INSTRUCTIONS TO FOLLOW
Below are records; reproduce exactly the lines from the one that has "1940s Three Leaf" through the one that has "Pierwszy Orlik w", ends included, and nothing more.

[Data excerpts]
+---+
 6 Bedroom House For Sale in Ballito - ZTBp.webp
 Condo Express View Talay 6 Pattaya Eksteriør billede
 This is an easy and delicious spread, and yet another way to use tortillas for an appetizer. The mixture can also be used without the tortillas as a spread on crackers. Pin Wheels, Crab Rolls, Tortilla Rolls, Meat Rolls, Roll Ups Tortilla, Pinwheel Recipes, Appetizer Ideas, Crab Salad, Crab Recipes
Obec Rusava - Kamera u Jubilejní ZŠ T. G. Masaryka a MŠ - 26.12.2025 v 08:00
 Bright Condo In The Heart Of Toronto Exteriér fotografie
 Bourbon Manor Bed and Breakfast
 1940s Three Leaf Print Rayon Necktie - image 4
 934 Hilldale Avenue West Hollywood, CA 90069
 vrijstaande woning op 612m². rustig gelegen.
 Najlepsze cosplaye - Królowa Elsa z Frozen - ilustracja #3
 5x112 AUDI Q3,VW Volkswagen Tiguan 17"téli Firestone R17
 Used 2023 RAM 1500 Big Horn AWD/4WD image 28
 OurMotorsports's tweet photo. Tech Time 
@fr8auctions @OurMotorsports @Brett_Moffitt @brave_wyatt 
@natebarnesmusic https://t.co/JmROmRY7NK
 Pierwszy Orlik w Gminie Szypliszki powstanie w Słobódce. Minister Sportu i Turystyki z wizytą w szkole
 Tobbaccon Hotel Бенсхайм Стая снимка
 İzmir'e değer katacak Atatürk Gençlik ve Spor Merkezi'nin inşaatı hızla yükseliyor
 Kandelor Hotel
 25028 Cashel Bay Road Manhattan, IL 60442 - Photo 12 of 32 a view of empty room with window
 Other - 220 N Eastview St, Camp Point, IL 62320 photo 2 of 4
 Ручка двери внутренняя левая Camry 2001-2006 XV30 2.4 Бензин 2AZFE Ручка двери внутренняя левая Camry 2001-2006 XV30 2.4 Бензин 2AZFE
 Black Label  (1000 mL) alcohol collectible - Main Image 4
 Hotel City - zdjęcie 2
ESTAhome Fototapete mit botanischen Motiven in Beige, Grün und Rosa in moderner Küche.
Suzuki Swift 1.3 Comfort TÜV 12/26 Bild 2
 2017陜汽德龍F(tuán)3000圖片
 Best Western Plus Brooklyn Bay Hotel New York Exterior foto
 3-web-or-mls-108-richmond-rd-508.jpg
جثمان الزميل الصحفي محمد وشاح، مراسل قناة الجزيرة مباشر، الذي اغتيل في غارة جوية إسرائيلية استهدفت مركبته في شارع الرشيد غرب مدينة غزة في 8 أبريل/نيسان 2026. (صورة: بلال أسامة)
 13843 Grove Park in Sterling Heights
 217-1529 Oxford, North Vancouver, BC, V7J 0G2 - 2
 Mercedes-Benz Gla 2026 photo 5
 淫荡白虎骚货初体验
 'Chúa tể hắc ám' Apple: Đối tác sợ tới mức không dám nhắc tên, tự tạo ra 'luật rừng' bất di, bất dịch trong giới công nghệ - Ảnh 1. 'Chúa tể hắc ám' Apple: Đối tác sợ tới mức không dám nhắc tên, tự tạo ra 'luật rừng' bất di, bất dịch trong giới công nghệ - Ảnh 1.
+---+
ANSWER TO THIS PROBLEM
 1940s Three Leaf Print Rayon Necktie - image 4
 934 Hilldale Avenue West Hollywood, CA 90069
 vrijstaande woning op 612m². rustig gelegen.
 Najlepsze cosplaye - Królowa Elsa z Frozen - ilustracja #3
 5x112 AUDI Q3,VW Volkswagen Tiguan 17"téli Firestone R17
 Used 2023 RAM 1500 Big Horn AWD/4WD image 28
 OurMotorsports's tweet photo. Tech Time 
@fr8auctions @OurMotorsports @Brett_Moffitt @brave_wyatt 
@natebarnesmusic https://t.co/JmROmRY7NK
 Pierwszy Orlik w Gminie Szypliszki powstanie w Słobódce. Minister Sportu i Turystyki z wizytą w szkole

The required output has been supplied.